Both pass vmaf_train.op_allowlist.check_graph (opset 17, no forbidden ops).
Both round-trip through ORT CPU within 1e-4 atol of the PyTorch output.
File sizes: nr_metric_v1.onnx ≈ 51 KB; learned_filter_v1.onnx ≈ 6 KB.

References¶

BACKLOG T6-1 — backlog row.
Wave 1 roadmap — model definitions + targets.

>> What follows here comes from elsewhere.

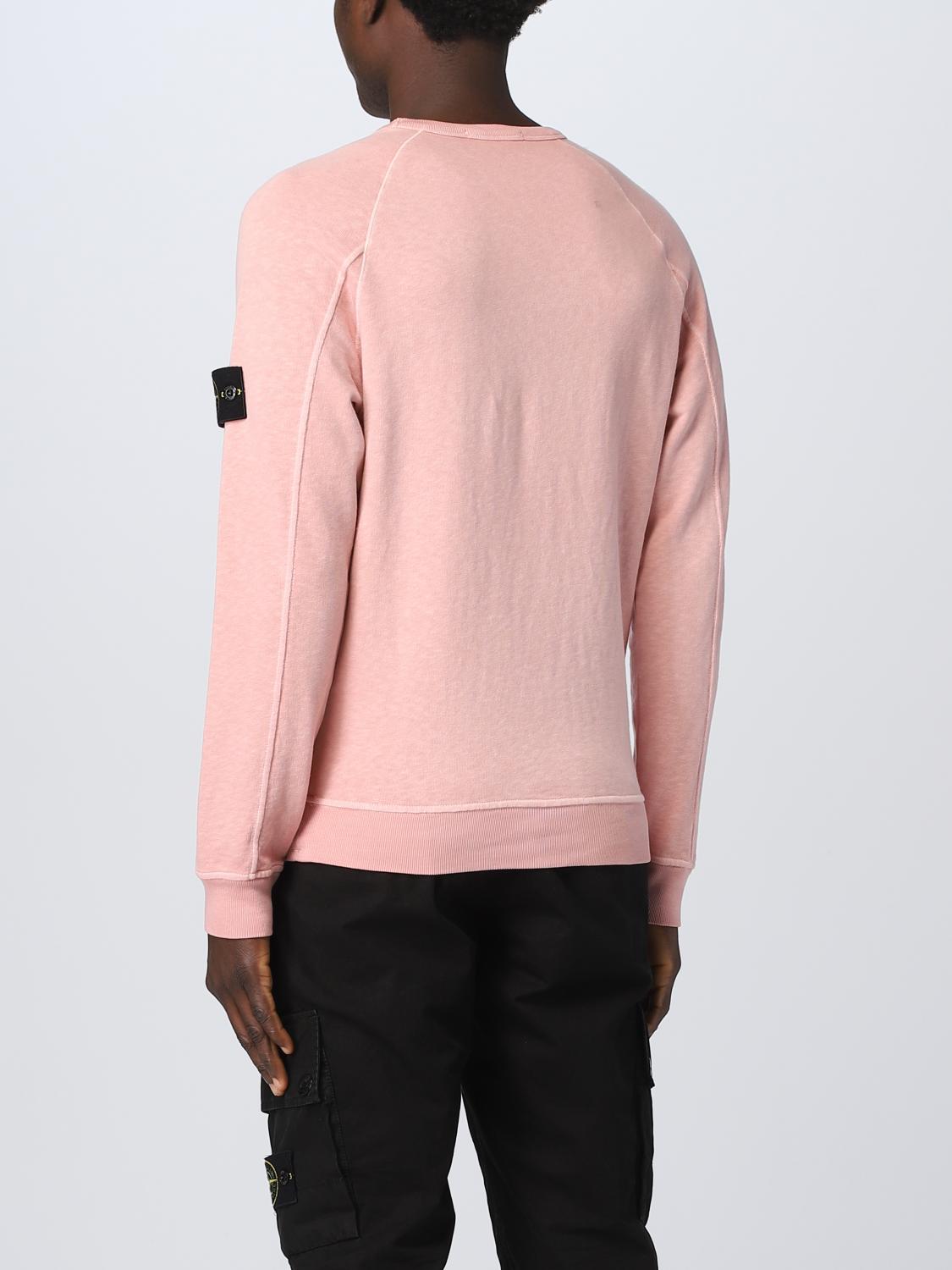 STONE ISLAND 스웨트셔츠: 스웨트셔츠 남성 Stone Island, 핑크 - Img 3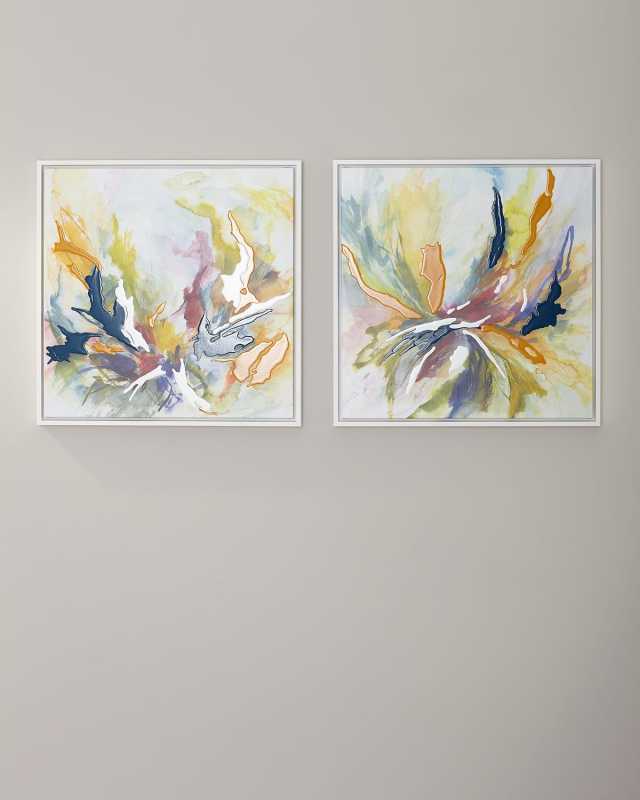 Spring Dance Giclee Canvas Art, Set of 2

ADR-0036 / ADR-0107 — Wave 1 scope.
ADR-0042 — tiny-AI docs rule.
ADR-0166 — release channel for the artifacts (the new ONNX files attach + sign on the next release tag via supply-chain.yml).
KoNViD-1k. Hosu, Hahn, Jenadeleh, Lin, Men, Szirányi, Li, Saupe. "The Konstanz natural video database (KoNViD-1k)," QoMEX 2017. http://database.mmsp-kn.de.
req — user popup 2026-04-25: "All three — real training" → follow-up: "download them and train locally, we don't have to upload the datasets, only the models" → after audit findings: "Defer C1, ship C2 + C3 now (Recommended)".